Sid trajava-se diferentemente para a ocasião,
seu capuz era um negro como o breu, que aparentemente soltava uma aura esfumaçada
cinzenta, como se houvesse uma tempestade à caminho nos céus. Vestia dois
colares de proteção contra magias, um deles era rosa, pontiagudo, o outro era
branco e gélido, porém estavam por dentro de sua roupa. Em suas mãos e nas de
Gustavo também, havia anéis de gema mágica.
- Saudações, meu rei... – dissera o mensageiro
fazendo uma reverência se ajoelhando no chão. Os bruxos observavam ao redor.
Gustavo pediu para o mensageiro se levantar e
com um gesto pediu para que os bruxos se aproximassem. Ambos estavam com rostos
austeros, mas sem malícia. Sid os observava atentamente.
- Saudações, feiticeiros de Erlan, o Baronato
atrás da colina – dissera Gustavo.
Eles retiraram os chapéus e fizeram uma reverência,
a moça ergueu a aba da saia, tilintando as correntes fazendo o pianista atrás deles
errar o acorde.
-
Permita-me me apresentar – a moça dera um passo a frente. – Helena da sétima
casa, druida de Erlan, filha de Aline, falecida maga. Espero que o assunto seja
importante – falou olhando para o bruxo ao lado – estou perdendo o chá de bebê
de minha irmã, logo nascerá minha sobrinha, Romera – depois voltou-se para os
olhos de Gustavo. Helena era linda, sua pele branca se destacava nas vestes
pretas, tinha cílios grandes e usava uma maquiagem leve nos olhos, ao que
Gustavo notara. Sid estava quieto observando a cordialidade. Ela soltara uma
risada com uma voz forte, mas breve, voltando ao seu rosto austero. O druida ao
seu lado também rira. Sid e Gustavo trocaram um olhar.

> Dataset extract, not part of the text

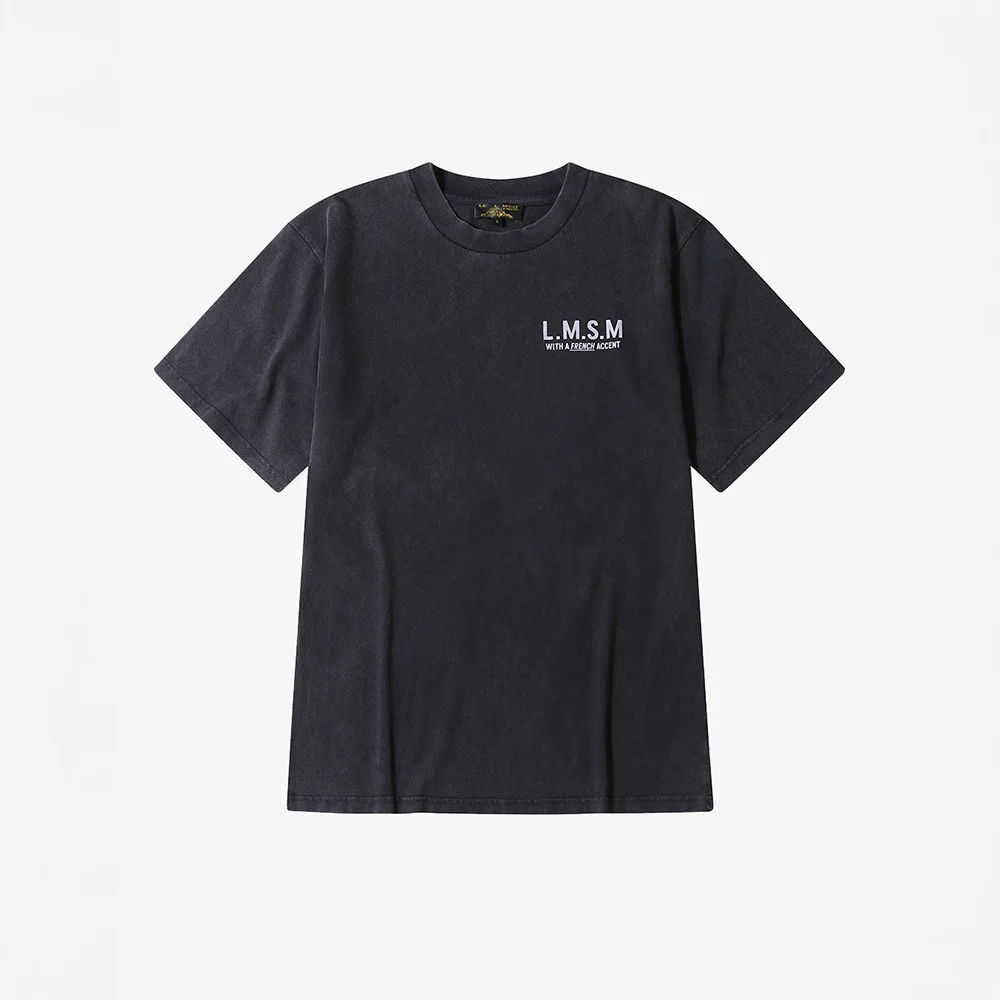 TITIEN-PRINTED TEESHIRT_Black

- Sou Demétrio, druida especialista na natureza
– disse o outro druida com uma voz serena. Demétrio tinha o tom de pele escuro,
seus cabelos longos e crespos sobravam
pela borda do chapéu, algumas mechas da franja caiam em seu rosto, ele
fez uma reverência.
- Bem-vindos, bem-vindos, druidas. Creio que
meu mensageiro já tenha adiantado algo sobre o pedido que tenho a vocês, não? –
os druidas acenaram positivamente. – Pois bem, o pedido é o seguinte, queiram se
sentar.
Os quatro sentaram-se e conversaram sob a
música do piano que preenchia o espaço, Sid assumia um ar sério, mas era
bastante diplomático, na maioria das vezes ele se propunha a uma explicação
mais razoável, era muito sábio como creio já ter dito anteriormente. Seus olhos
que nunca envelheciam, perfurava os olhos dos druidas. Não havia nada de mal
neles na verdade, acontece, como eu disse antes, que não são pessoas confiáveis
esses mágicos.
- Ora, ora – disse Helena. – Isso vai custar um
preço e tanto! – falou olhando para Demétrio com meio sorriso. – O que acham de
dezenove mil peças de ouro?
Sid desviara o olhar para Gustavo, este pensava
por um segundo.
- Dezenove mil? E o que acha que vai fazer?
Montar um castelo?
- Ora – disse o druida. - É a felicidade de seu
reino, se não me engano, que está em jogo. E dezenove mil é o que garante a felicidade
minha dela, me parece um preço justo. – falou cruzando as pernas.
- Quatorze mil. Sete para cada. Daria um fortuna
para pelo menos duas gerações de vocês, se quiserem.
- Quatorze...? – falou ela pensando. – É um
processo bastante delicado para tão pouco. Mas hoje estou generosa e não quero
perder mais tempo aqui, ainda há tempo para o chá de bebê, Demétrio?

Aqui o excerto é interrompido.